### [Problem details]
In the listing below, print exactly the lines between the line holding "Abstrakte Fantasieformen in" and the line holding "Вії для нарощування", inclusive, and no more.

### [The input]

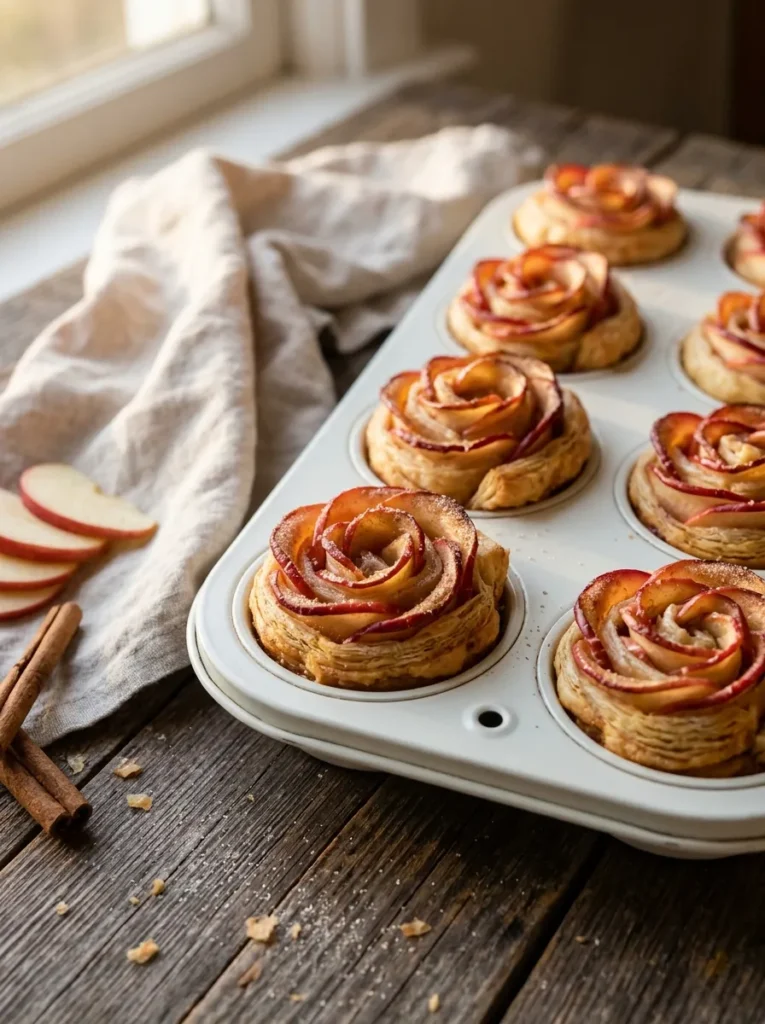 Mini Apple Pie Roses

---

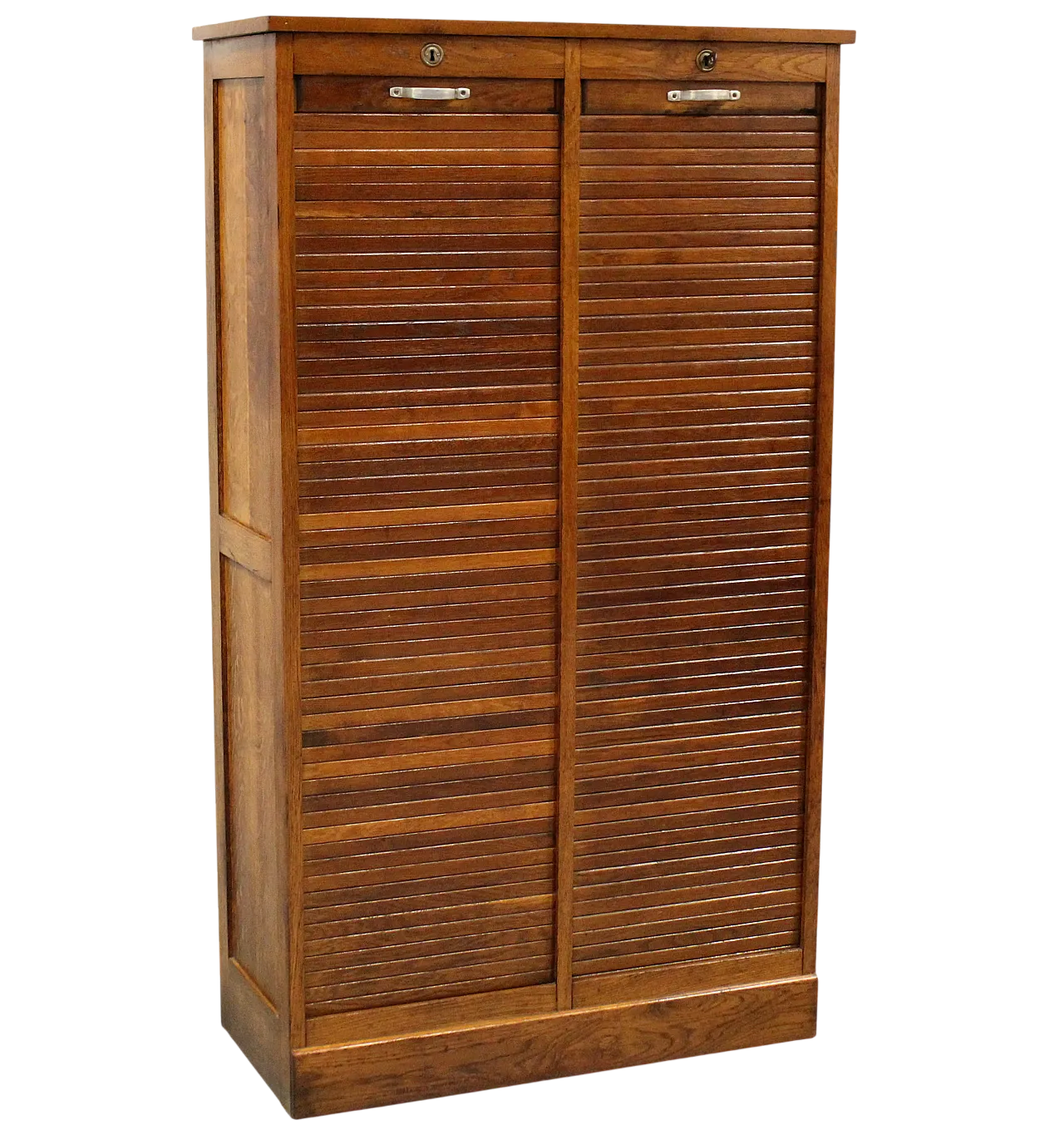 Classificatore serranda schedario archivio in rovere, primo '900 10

...

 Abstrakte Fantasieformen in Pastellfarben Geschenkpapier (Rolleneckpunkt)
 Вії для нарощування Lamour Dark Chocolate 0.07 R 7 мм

### [Exercise result]
 Abstrakte Fantasieformen in Pastellfarben Geschenkpapier (Rolleneckpunkt)
 Вії для нарощування Lamour Dark Chocolate 0.07 R 7 мм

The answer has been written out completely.